=== Data for this exercise ===
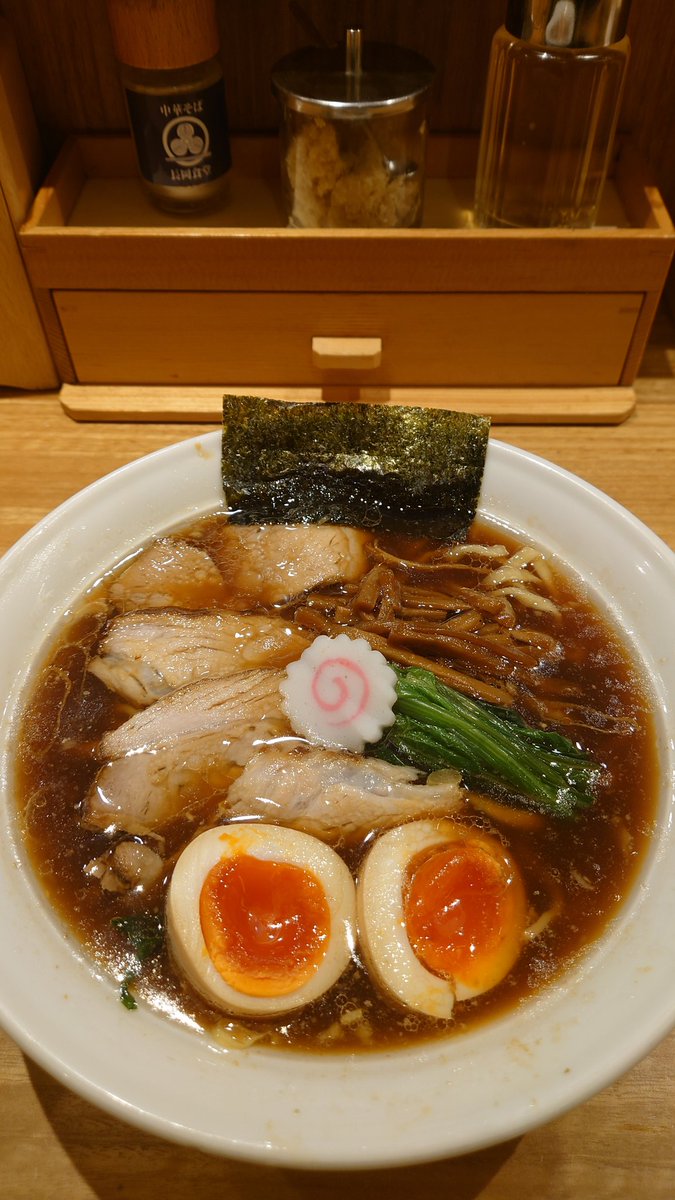 長岡食堂＠横浜西口

生姜醤油らーめんを食べました。

この日は滅茶苦茶寒かったけど体の芯までポカポカになりました。

いつもありがとうね✨

#長岡食堂
#ラーメン好きと繋がりたい
#横浜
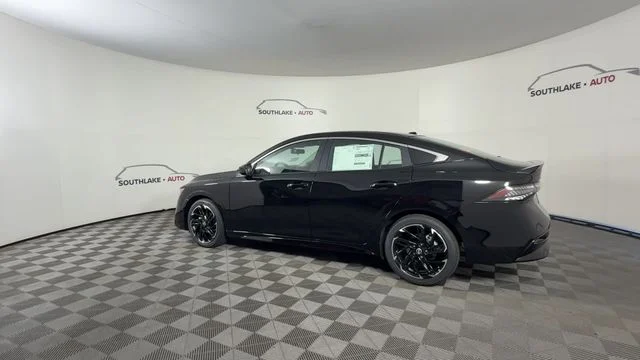 New 2027 Super Black Nissan SR image 6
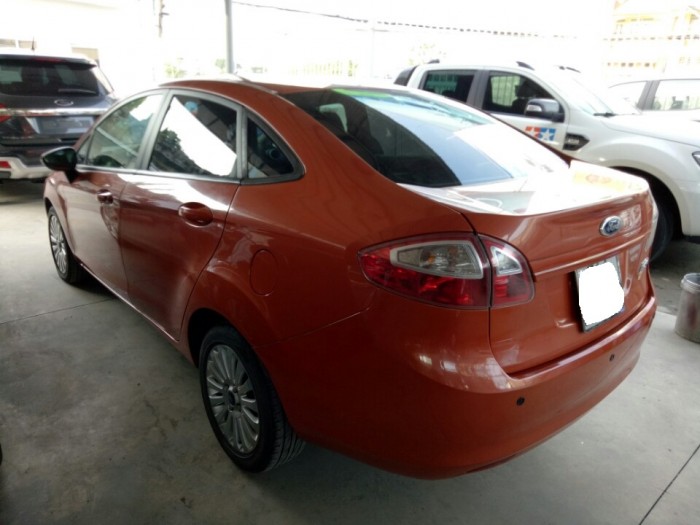 Sài Gòn Ford bán fiesta đời 2011 màu cam, chạy 26.000km 1.6L AT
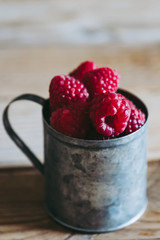 Framboises fruits frais dans un petit pot en métal	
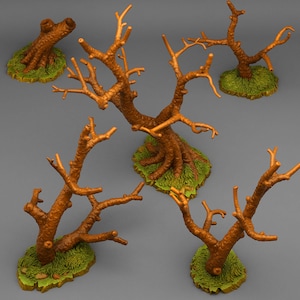 Peut inclure: Cinq arbres miniatures en plastique, de couleur brune, sans feuilles, sur des socles verts. Les arbres sont conçus pour être utilisés dans des jeux de table ou des dioramas miniatures.
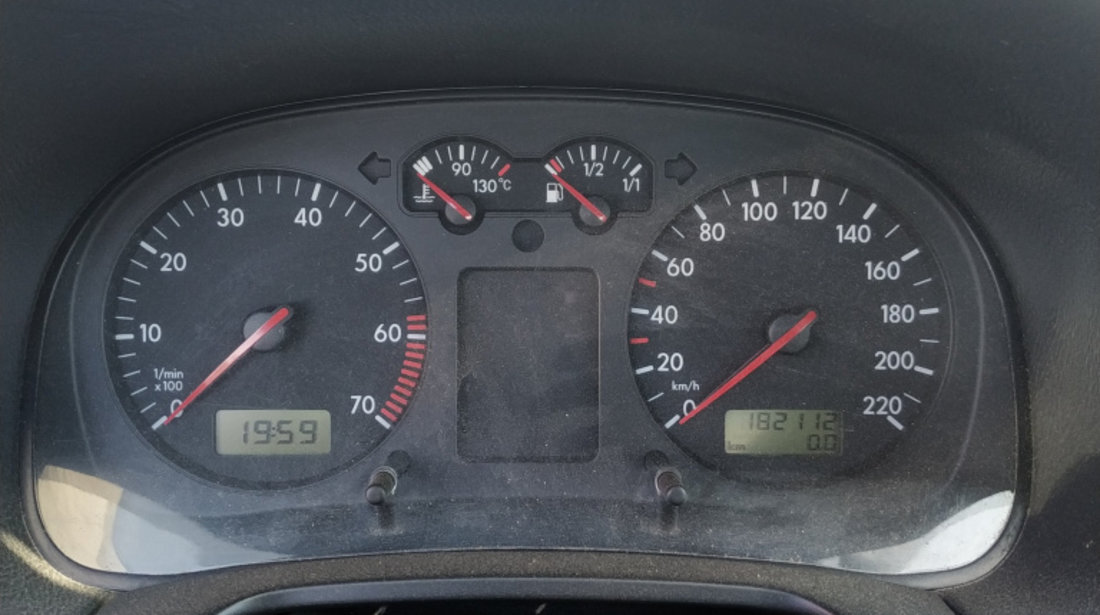 Dezmembrez VW GOLF 4 1997 - 2006 1.4 16V AHW ( CP: 75, KW: 55, CCM: 1390 ) Benzina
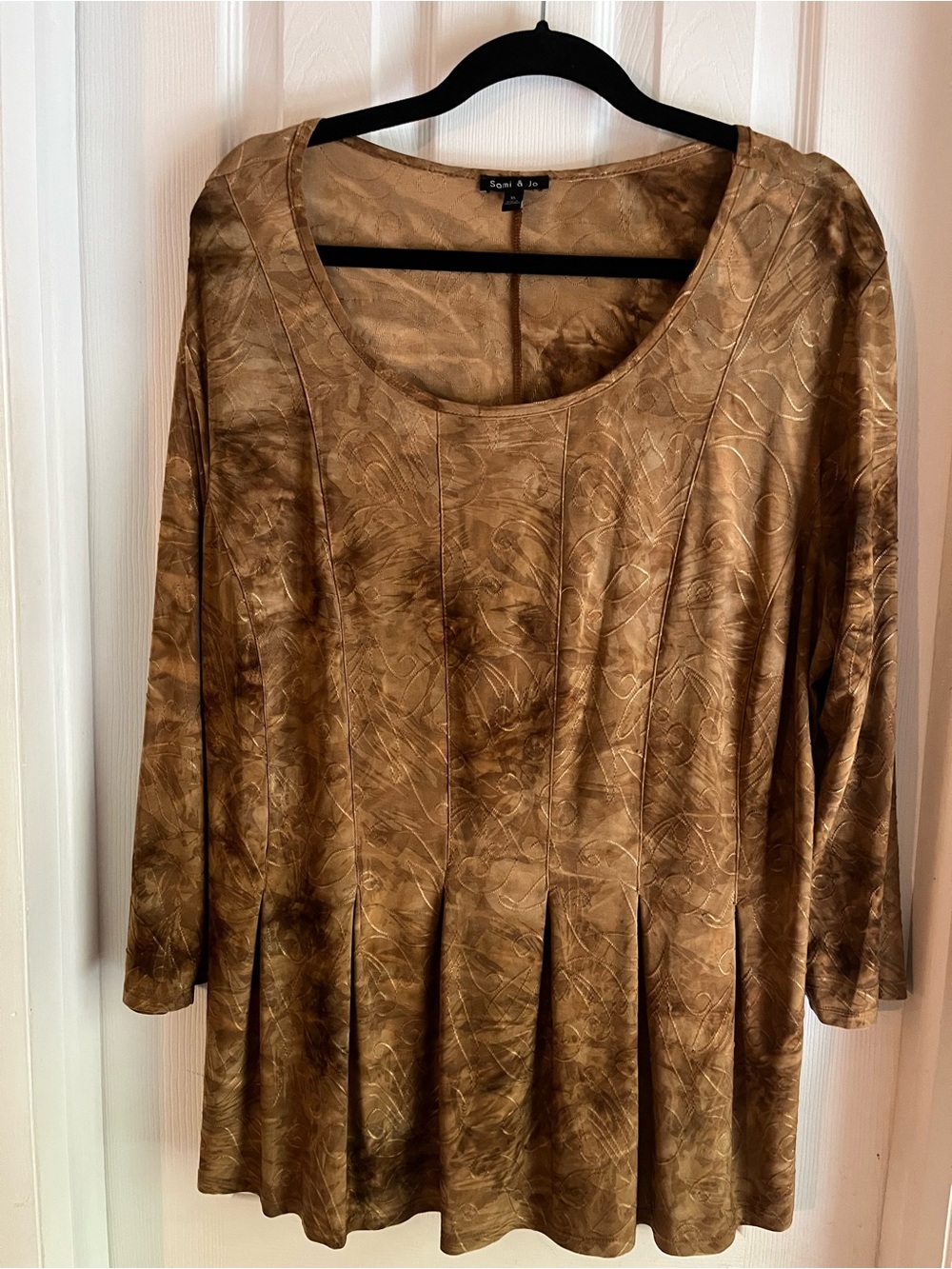 Sami + Jo Tan Tone on Tone 3/4 Sleeves Size XL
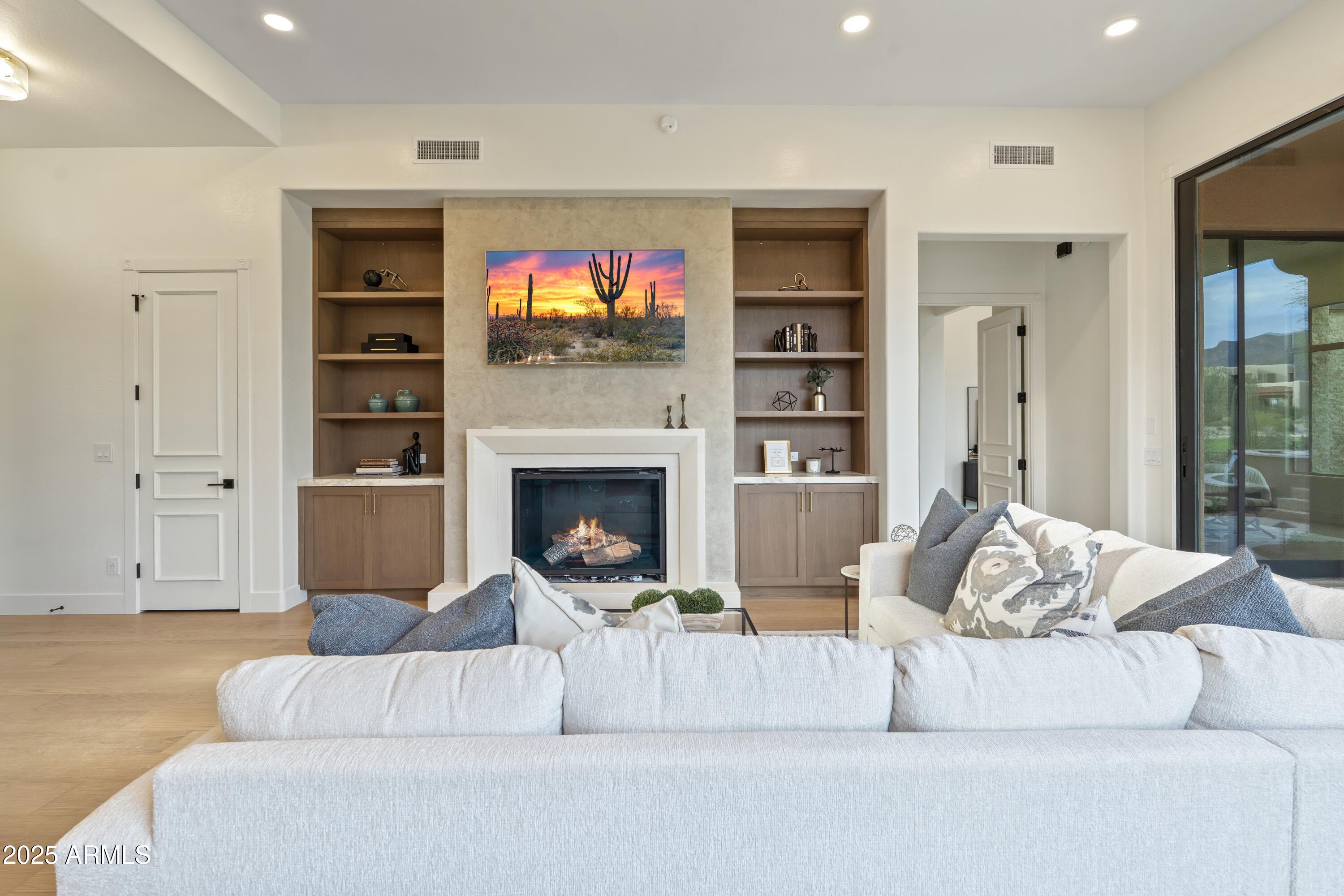 DC RANCH - Residential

=== Activity ===
The expected answer is an exact copy of the lines from the one containing "Sami + Jo Tan" through the last line of the entries above, both included, without pictures.

=== Completed exercise ===
 Sami + Jo Tan Tone on Tone 3/4 Sleeves Size XL
 DC RANCH - Residential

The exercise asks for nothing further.